I carefully tried to avoid the word "function", as mathematically they tend to
be well defined. As soon as you have anything even mildly complex or some
element of randomness - suddenly the number of required tests to brute force
the problem can explode.

> I would say the last micro service I wrote, (in python)

> was virtually 100% bug free ever since it went into prod.

There is never any bugs, until there is. Also there is quite some difference
between code that is easy to reason about and code that is not.

> I would still say a testing suite is still good for new

> programmers diving into an unfamiliar system attempting to

> change things haphazardly, but in terms of correctness I

> question this strict almost religious adherence to unit

> testing.

I think relegating bugs to something only new programmers write is unfair.

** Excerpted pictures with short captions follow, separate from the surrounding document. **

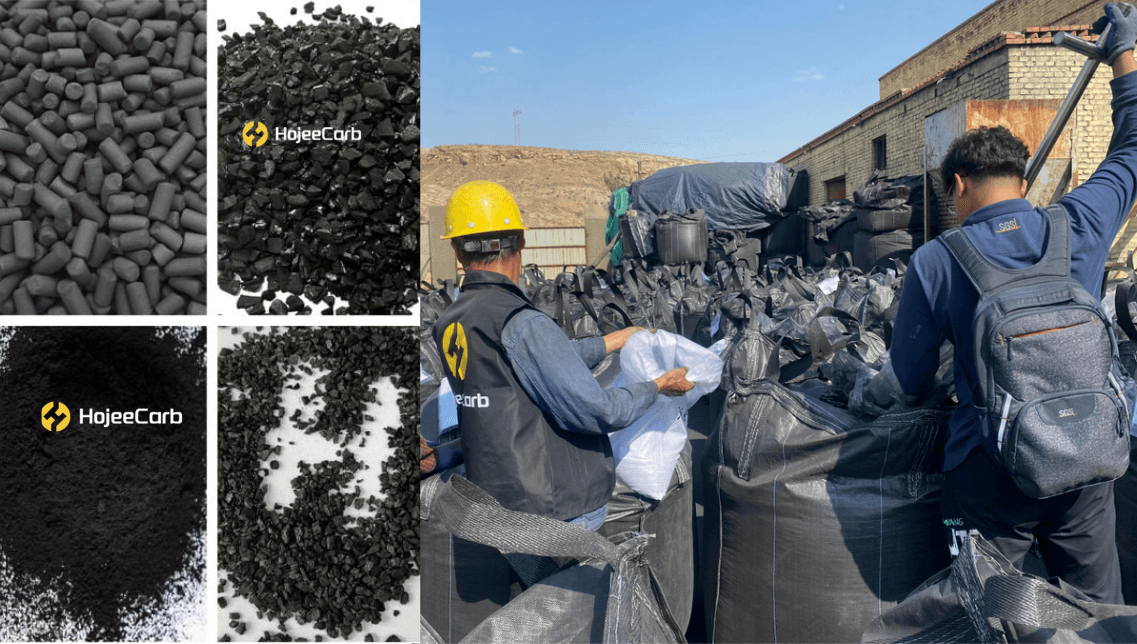 HojeeCarb activated carbon products and factory workers loading bulk bags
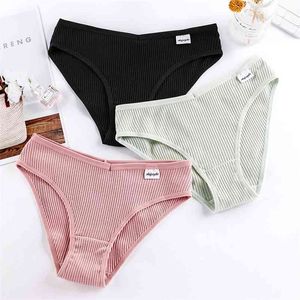 Calcinha sexy para mulheres algodão underwear lingerie seamless lingerie fêmea cuecas cuecas cuecas meninas tanga íntima 3 pçs / lote 210730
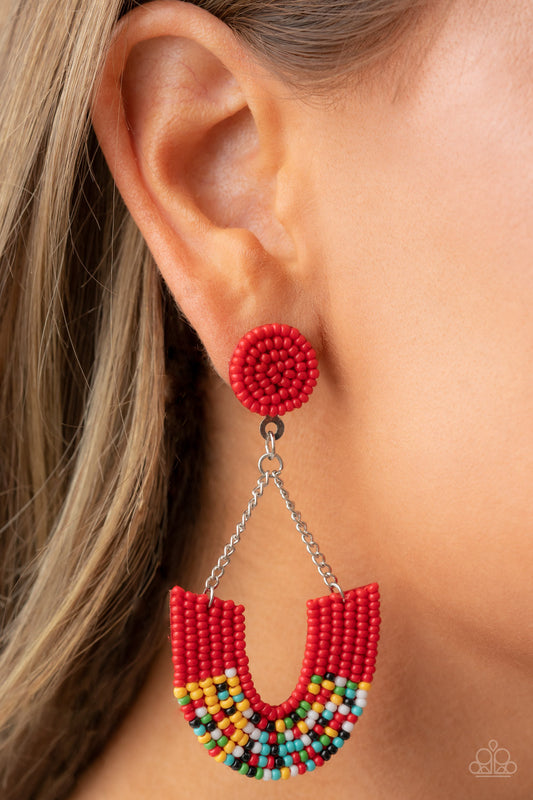 Make it RAINBOW Red Post Earring - Paparazzi Accessories  Adorned in sections of red and multicolored seed beaded accents, a colorful rainbow swings from the bottom of shimmery silver chains that attach to a red seed beaded disc for a bohemian inspired fashion. Earring attaches to a standard post fitting.  Sold as one pair of post earrings.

I doubt you have a full compiler in your head or could even begin to consider
all possible states of some code that could be considered complex. If your
existing code is complex enough, chances are that you already have introduced
some bug.

To be honest, I don't write high test coverage either for most projects, but I
am sure to write tests for code that I either have trouble reasoning about or
is of high enough complexity. It happens, even for veterans. Sometimes when
pair programming I even spotted very seasoned programmers making such mistakes
when they are tired.

------
Netcob
Two harmful ideas I got out of university: Tests must absolutely cover as much
code as possible and if something cannot be solved perfectly then any solution
is wrong and useless.

I doubt that this was the intention or that anyone there teaching actually
thought that, but the way things were taught to us we ended up thinking we had
to test every single getter and setter. And that the traveling salesperson
problem is essentially unsolvable because no efficient algorithm exists.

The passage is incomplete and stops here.